# Work order
Instruction for the entries below: return the part that opens with the line containing "VampireDiariesWorld-dot-org-S3TVD_3x13BringingOutTheDead1988.jpg" and closes with the line containing "View album, image #1 View album, image #1", exactly, and no pictures.

# Material for this task
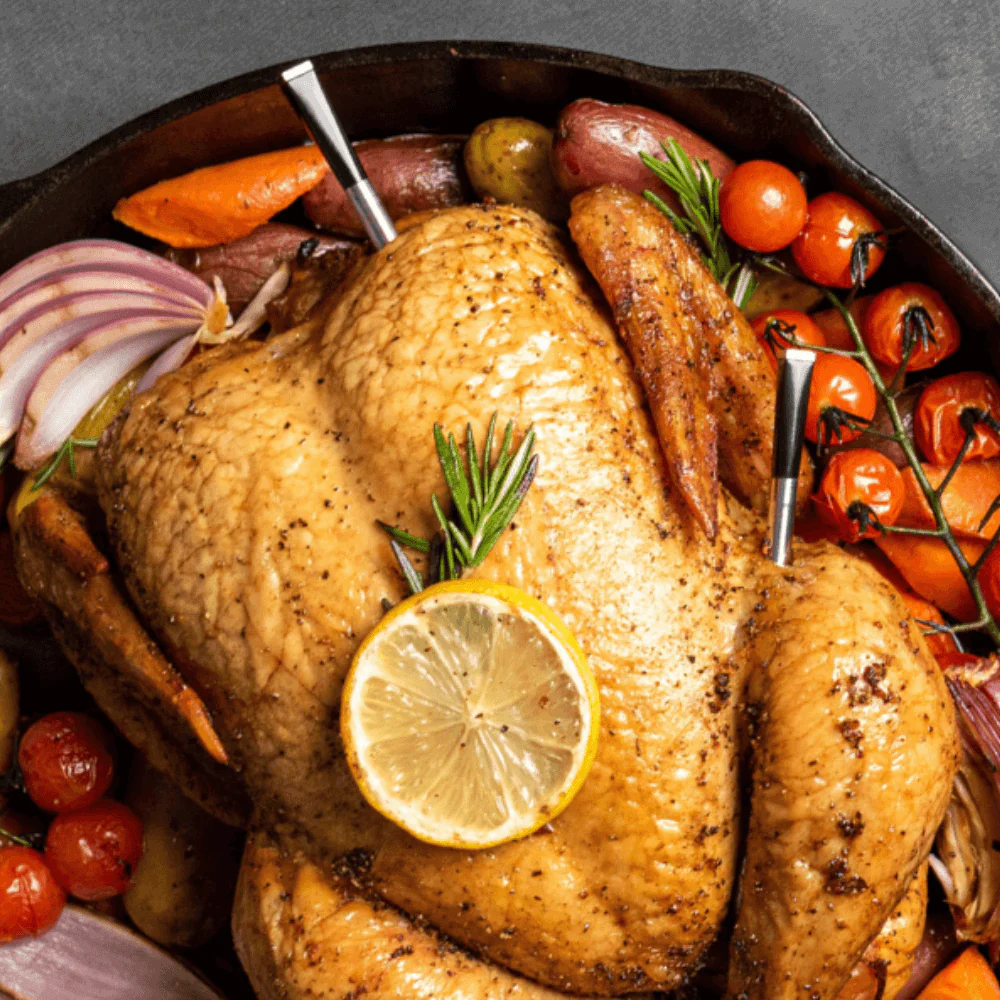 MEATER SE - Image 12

--

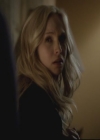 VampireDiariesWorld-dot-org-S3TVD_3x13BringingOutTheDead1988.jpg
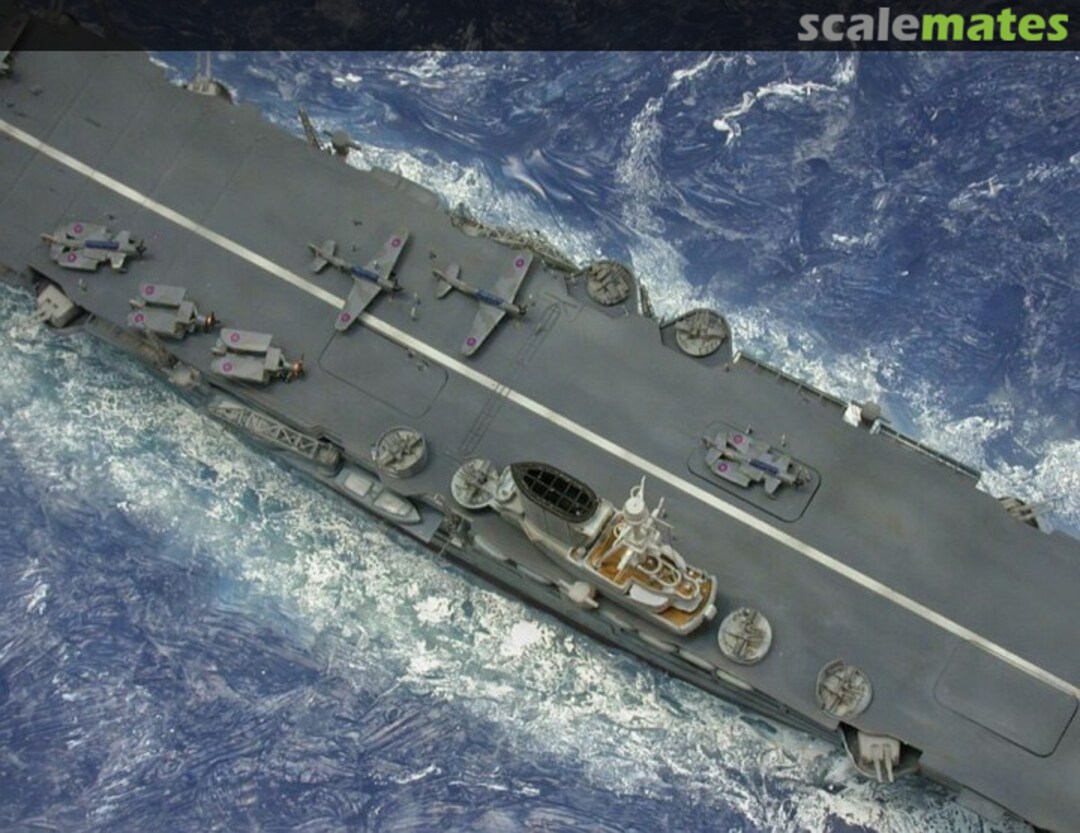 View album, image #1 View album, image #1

# Answer below
 VampireDiariesWorld-dot-org-S3TVD_3x13BringingOutTheDead1988.jpg
 View album, image #1 View album, image #1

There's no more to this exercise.